Tuesday, June 2, 2009

The Agony of Defeat...

Life lessons are never fun to learn. Never. Owen learned it the hard way last night. All of my boys play soccer and they adore the sport. Never once did I think I would be a soccer mom but seeing as my house has injuries from flying soccer balls and my laundry always has socks, shorts and shin guards in it not to mention my purse is full of raffle tickets for my sons comp team I guess I have to woman up here and say "Well hell Shammie you are a soccer mom".
But back to Owen because this is his story. Owen has always been competetive. If his brothers could do it he could do it too and better by God. So it would stand that when it comes to soccer he would be the one who figured out the game first, the one that learned the strategy first and well, he would also be the one who throws his whole heart and soul into it. For a kid this dedicated to his sport at only 6 years old you can imagine how heartbreaking it is for him to be on a team with only one other kid who really gets the game, really understands what he is doing and really tries hard.

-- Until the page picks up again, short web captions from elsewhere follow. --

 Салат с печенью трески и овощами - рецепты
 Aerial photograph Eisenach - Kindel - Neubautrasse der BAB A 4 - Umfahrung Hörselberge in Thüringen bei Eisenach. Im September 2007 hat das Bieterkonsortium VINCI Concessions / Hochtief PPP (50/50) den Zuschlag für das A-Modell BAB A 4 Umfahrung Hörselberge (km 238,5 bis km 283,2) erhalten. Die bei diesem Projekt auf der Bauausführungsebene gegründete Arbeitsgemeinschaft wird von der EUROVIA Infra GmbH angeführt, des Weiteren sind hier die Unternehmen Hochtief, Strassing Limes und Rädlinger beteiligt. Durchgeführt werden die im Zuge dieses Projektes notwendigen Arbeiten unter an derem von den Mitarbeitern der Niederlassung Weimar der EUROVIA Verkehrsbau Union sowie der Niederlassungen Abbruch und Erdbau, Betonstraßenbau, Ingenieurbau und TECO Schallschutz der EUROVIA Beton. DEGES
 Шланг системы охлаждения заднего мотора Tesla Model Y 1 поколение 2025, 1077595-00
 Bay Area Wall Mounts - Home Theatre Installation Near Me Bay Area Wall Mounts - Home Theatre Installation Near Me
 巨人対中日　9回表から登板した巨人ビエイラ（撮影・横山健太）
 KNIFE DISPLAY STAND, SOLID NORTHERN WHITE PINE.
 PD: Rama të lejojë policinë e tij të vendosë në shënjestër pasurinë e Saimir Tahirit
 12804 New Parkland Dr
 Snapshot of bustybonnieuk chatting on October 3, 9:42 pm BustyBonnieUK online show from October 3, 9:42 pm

Everyone else on his team still gets out there and stands, or gets out there and kicks the ball away from their teammates. I can't tell you how many times I saw Owen within a hair of getting that ball in the oppositions net only to have one of his own teammates trample him and kick the ball out of bounds.
My poor son....
He came off the field in tears and looked at me and said "mama I am mad and sad, I didn't know I could be both those things" - and he had tears streaming down his dirt covered cheeks right over the cleat marks from one of his many falls. I gave him a hug and told him it was okay to be mad and sad and he had every right to be mad and sad and then gave the mom speech about how good he was out there. I felt horrible because maybe if I hadn't encouraged him to care about his sport and hadn't encouraged him to be the best he could be then being on a team that doesn't seem to have a competetive bone about them wouldn't be so hard for him. I am torn because I want him to be happy but for a kid like him winning and playing on a team that works hard is what makes him happy. He doesn't understand why a kid would play if they don't play to win (for the record I was the same way when I was his age - playing for the fun of the sport didn't make sense to me, winning made the game more fun).
I overheard a couple of moms complaining about how my kid was so mad about the game and about how his parents must be those driven parents that refuse to allow their kids to play unless they play hard and win. I took offense at that and would have confronted them except I didn't want to cause a scene and I didn't want to have to knock their teeth him with my lawn chair because I was that mad - and there were small children present.
I wanted to tell them that I encourage my children to have fun. I also encourage them to try their hardest. If I wanted them to play soccer just for the hell of it aspect I could save myself the registration fees and let the kids just kick it around in the yard. However I want my kids to play a team sport and learn the lessons that come with it. I want them to have the euphoria of winning at something and yeah, even the bittersweet taste of losing. I just can't be a touchy feely everyone love everyone mama who is okay putting my kid in a sport to watch him stand there watching the clouds in the sky while balls zoom past him. I also can't stomach those parents that don't believe we should have tournaments and that all kids should get medals win or lose.
I guess I am just a little to old school and certainly a lot to competetive. When my children play a game their hardest win or lose I am proud - consequently when they have an off day I don't sit there yelling at them but neither do I sit there singing their praises if the bad day was due to them not giving their all - I just offer up "better luck next time" and leave it at that.
So I guess that is why when my baby sat on my lap with tears in his eyes both sad and mad my heart broke with him. I knew where he was coming from and as sad and mad as he was I was okay that he felt those emotions and I told him so. I knew he played his hardest and he learned today that sometimes being your best doesn't win the game but that life still goes on and you just get up, dust off, wipe the sweat off your face and do it all again the next time.

1 comment:

  1. Awww....poor Owen! I put Jadon is soccer once. And Only once, he didn't understand the game so we took him out, come to find out soccer isn't his thing running is!